The Irish Times
Marriage breakdown, separation and divorce are excruciating for everyone involved – the exes and their children feel their world crashing down around them. The divorcing couple’s finances, their home, relationships with their children and their friendships – everything is up for grabs. No one gets married believing a divorce is in their future, but when it falls apart – usually after years of trying to hold it together – the pain may seem unendurable.
So why as a society do we make the hurt worse? The State, the justice system and the Constitution have created a punitive system of divorce. At the very point when people in crisis need support, they are instead given one legal hurdle after the next, with the lawyers’ coffers growing. When marriages are broken, as a society we further punish the couple involved by making divorce more difficult in Ireland than in almost any other place in the world.

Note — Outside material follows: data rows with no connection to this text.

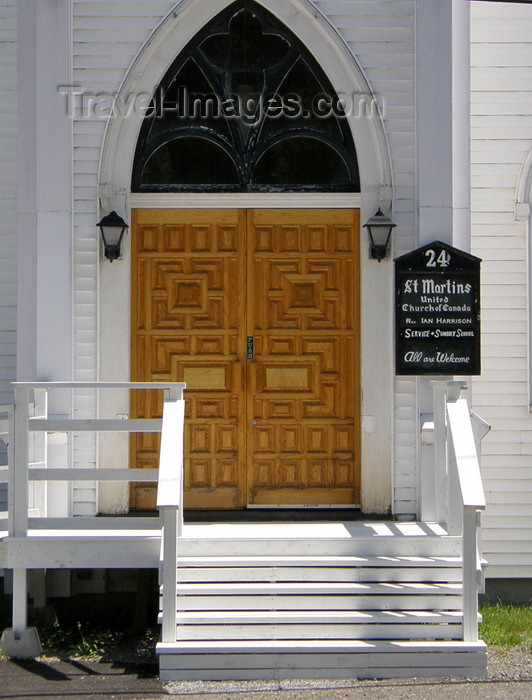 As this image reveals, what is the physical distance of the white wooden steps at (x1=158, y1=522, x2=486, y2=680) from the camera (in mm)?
5664

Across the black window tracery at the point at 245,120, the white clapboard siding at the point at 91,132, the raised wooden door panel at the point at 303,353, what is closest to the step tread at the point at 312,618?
the raised wooden door panel at the point at 303,353

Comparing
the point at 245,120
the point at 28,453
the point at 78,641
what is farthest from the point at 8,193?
the point at 78,641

That is what we have learned from readers’ responses to the “Divorce, Irish style” series in The Irish Times, which began on January 17th and has continued this week with more readers’ divorce stories.
We’ve learned that people fight for their marriages. No one walks away easily and no one is unscathed. Couples stay married far longer than they should thereby sacrificing their sanity, as marriage counselling expert John Farrelly told us would be the situation on the first day of the series.
“It’s called marriage breakdown because it’s broken,” writes a man whose life has been turned upside down, driving him into serious mental health issues that he has since recovered from. His ex-wife falsely accused him of abusing her and the children, a shallow claim considering that today he has the children and she has left the scene.
We have “no fault” divorce, but in reality lawyers encourage their clients to fight every inch of the way, arguing that this is in their clients’ best interests. The process requires four years of separation out of the past five, so that divorcing couples must live in a legal limbo for what could be a large portion of their children’s childhoods.
In the dozens of heartbreaking readers’ stories that we have received, many of them published, in no case did the difficulty of divorce bring couples to reunion.
Instead, the fact that divorce takes too long, costs too much and leaves people even more miserable than they were before, drives couples farther apart at the very time when they need to work together to reclaim their individual lives, especially if they have children who need “co-parents” who can rear them in agreement with one another.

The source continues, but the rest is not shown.